Where Am I?
Overview and East/West Traffic
SNAT
* Floating IPs
In The Good Old Days…
Legacy routers provide floating IPs connectivity by performing 1:1 NAT between the VM’s fixed IP and its floating IP inside the router namespace. Additionally, the L3 agent throws out a gratuitous ARP when it configures the floating IP on the router’s external device. This is done to advertise to the external network that the floating IP is reachable via the router’s external device’s MAC address. Floating IPs are configured as /32 prefixes on the router’s external device and so the router answers any ARP requests for these addresses. Legacy routers are of course scheduled only on a select subgroup of nodes known as network nodes.
Things Are About to Get Weird
In the DVR world, however, things are very different. This is going to get very complicated very fast so let’s understand how and why we got there. We could have kept things the way they are and configured floating IPs on the router’s ‘qg’ device. Or could we? Let’s consider that for a moment:
- MAC addresses! Network engineers go to great lengths to minimize broadcast domains because networking devices have fairly modest upper bounds on their MAC tables. Most external networks use flat or VLAN networking: It is possible to subdivide them by using multiple external networks, or multiple subnets on a single external network, but let’s consider a single external network for the purpose of this discussion. With legacy routers you would ‘consume’ a MAC address on the external network per router. If we kept the existing model but distributed the routers, we would consume a MAC address for every (node, router) pair. This would quickly explode the size of the broadcast domain. Not good!

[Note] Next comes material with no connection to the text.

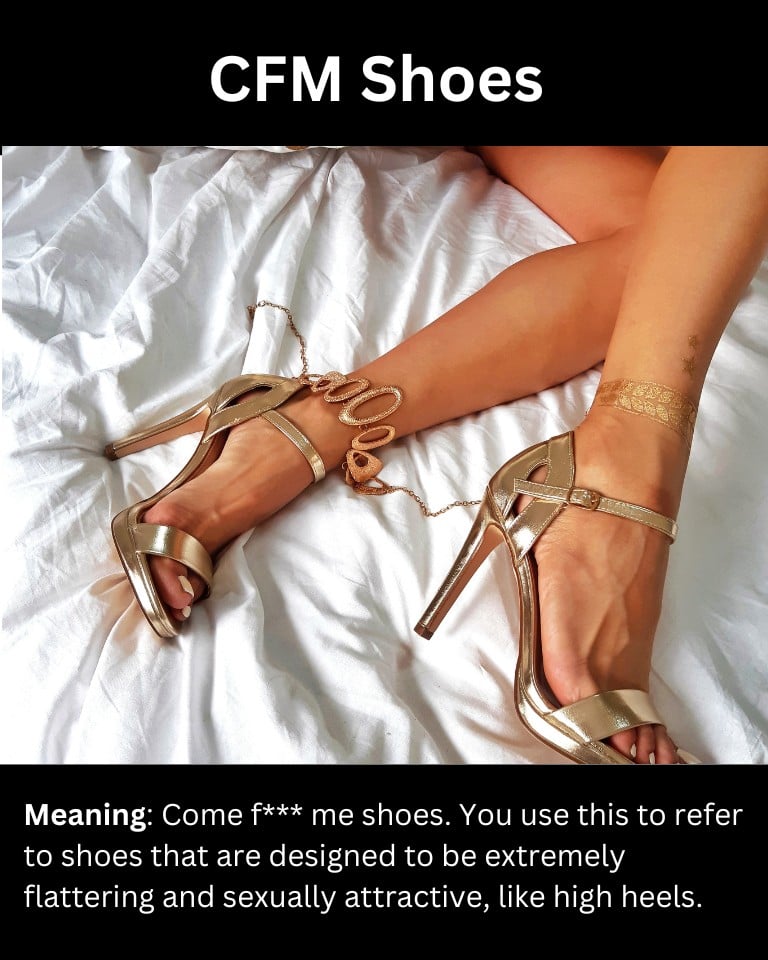 CFM Shoes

- IP addresses! Legacy routers configure a routable address on their external devices. It’s not wasted by any means because it is used for SNAT traffic. With DVR, as we noticed in the previous blog post, we do the same. Do we actually need a dedicated router IP per compute node then? No, not really. Not for FIP NAT purposes. You might want one for troubleshooting purposes, but it’s not needed for NAT. Instead, it was chosen to allocate a dedicated IP address for every (node, external network) pair.
Where We Ended Up
Let’s jump ahead and see how everything is wired up (On compute nodes):
When a floating IP is attached to a VM, the L3 agent creates a FIP namespace (If one does not already exist) for the external network that the FIP belongs to:
[stack@vpn-6-21 devstack (master=)]$ ip netns fip-cef4f7b4-c344-4904-a847-a9960f58fb20 qrouter-ef25020f-012c-41d6-a36e-f2f09cb8ea62
As we can see the fip namespace name is determined by the ID of the external network it represents:
[stack@vpn-6-21 devstack (master=)]$ neutron net-show public ... | id | cef4f7b4-c344-4904-a847-a9960f58fb20 | ...

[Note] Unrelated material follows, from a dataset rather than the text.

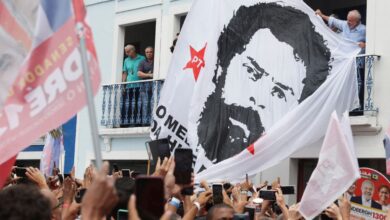 Lula apela al voto útil e intenta atraer a los indecisos en la recta final para las elecciones de Brasil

Every router on the compute node is hooked up to the FIP namespace via a veth pair (Quick reminder: A veth pair is a type of Linux networking device that is represented by a pair of devices. Whatever goes in on one end leaves via the other end. Each end of the pair may be configured with its own IP address. Veth pairs are often used to interconnect namespaces as each end of the pair may be put in a namespace of your choosing).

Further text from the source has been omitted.